The general assumption now is that everything is propaganda, i.e. that every shred of content has been stripped of the 90% of messy reality to leave the shiny 10% that protects someone’s vested interests and emotional stake. While propaganda is indeed ubiquitous and overabundant, not everything is propaganda. Propaganda is always certain about XYZ. Analysis, on the other hand, is always skeptical of neatly packaged, over-simplified received wisdom and alive to the uncertainties embedded in the messy 90% of reality edited out of propaganda.

We’re quite fond of the illusion that our “likes” and “winning the argument” matter. They don’t. Winning arguments, collecting “likes” and basking in the warmth of confirming our biases don’t change anything. We cling to the illusion they matter because it gives us a warm and fuzzy sense of agency when in reality our agency is limited to our individual/household responses to all that we don’t control or influence.

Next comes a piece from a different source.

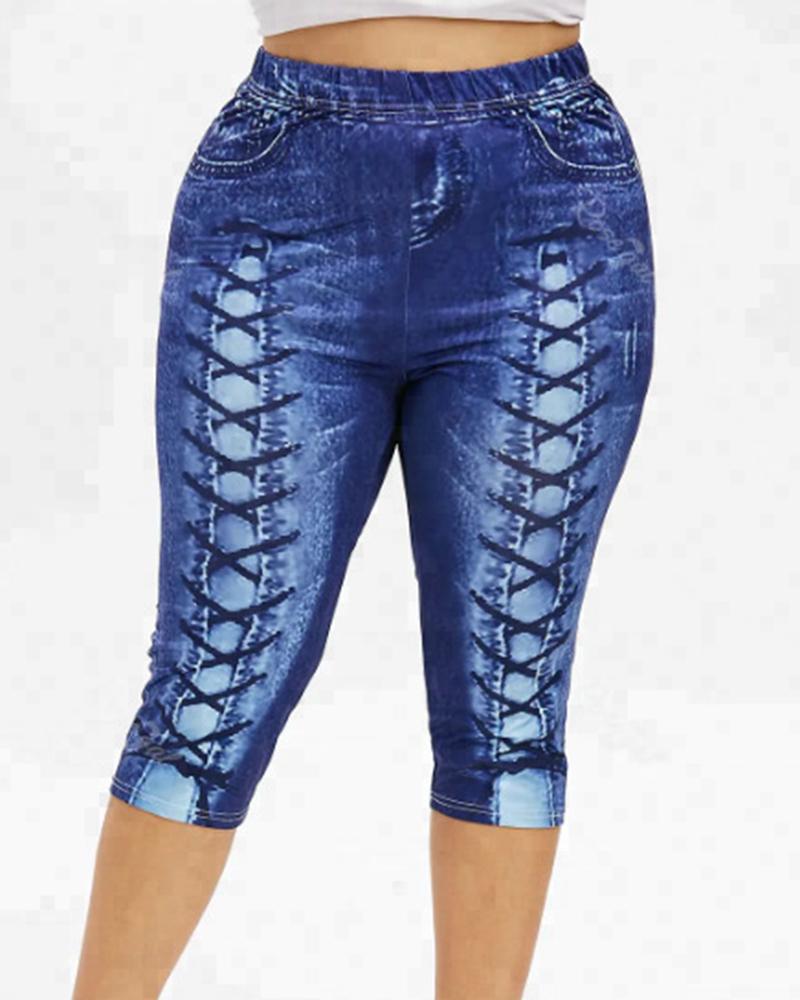 

Plus Size Denim Look Print Capris Pants, Blue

A third illusion is that policymakers control everything. They don’t. Certain decisions topple dominoes, others are equivalent to closing the gate after the horses left. They’re for show only; the 90% of messy reality is running off on its own now and policymakers dancing the humba-humba around the campfire (i.e. the illusion of control) aren’t going to stop what’s unfolding on its own dynamics.

I’m not trying to persuade you of anything or solicit a “like.” I’m simply discussing an interesting dynamic.

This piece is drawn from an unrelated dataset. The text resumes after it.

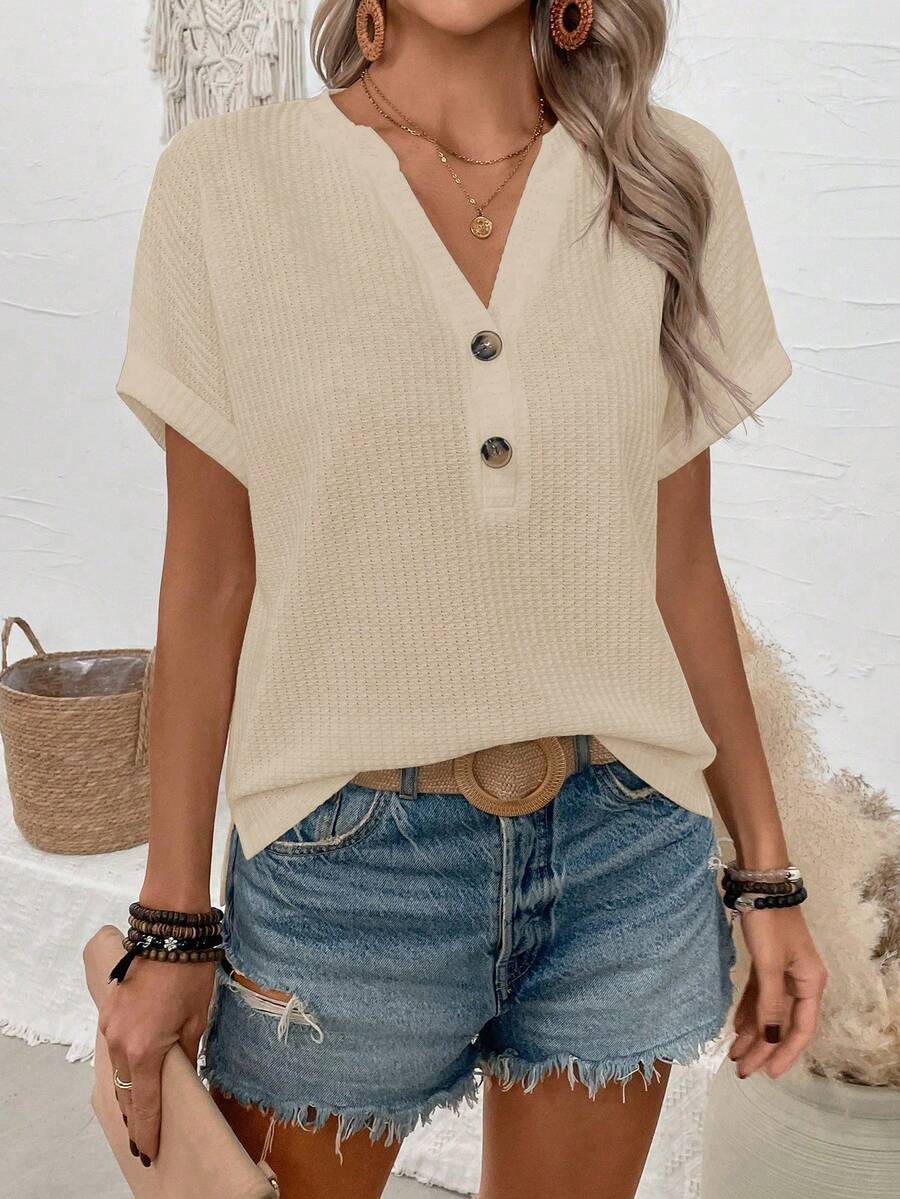 Camiseta Decote V com Botões Decorativos IMG 34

With all that out of the way, let’s look at weaponizing global depression. The key to this dynamic is the asymmetries built into the global economy.

One important asymmetry is energy, with exporting (producer) nations on one end and importing (consumer) nations on the other. A very small number of nations/regions occupy the middle: they export or import relatively little energy, as they are largely self-sufficient and can make do with what they produce themselves. They aren’t reliant on exports for income or imports to keep their economy from collapsing.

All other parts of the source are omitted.